## Dataset section
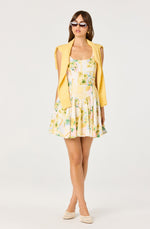 Load image into Gallery viewer, Reina Dress in Lemon Paradise
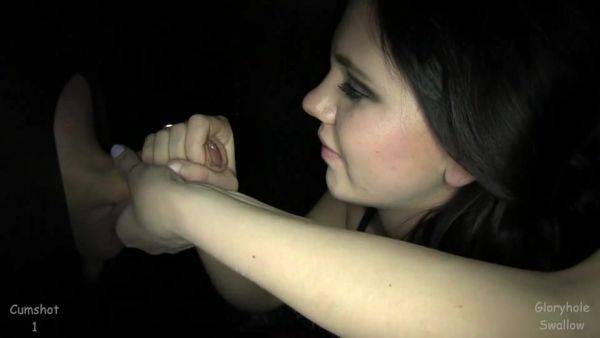 GloryholeSwallow - Natalie's 2nd Visit - hotmovs.com on poweredporn.com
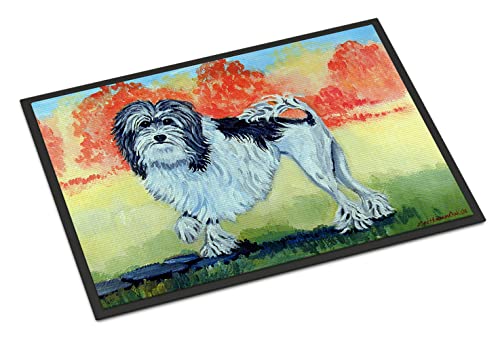 Caroline's Treasures 7510JMAT Lowchen Doormat 24x36 Front Door Mat Indoor Outdoor Rugs for Entryway, Non Slip Washable Low Pile, 24H X 36W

## To do
Transcribe the lines above exactly, setting aside any picture among them.

## Task result
 Load image into Gallery viewer, Reina Dress in Lemon Paradise
 GloryholeSwallow - Natalie's 2nd Visit - hotmovs.com on poweredporn.com
 Caroline's Treasures 7510JMAT Lowchen Doormat 24x36 Front Door Mat Indoor Outdoor Rugs for Entryway, Non Slip Washable Low Pile, 24H X 36W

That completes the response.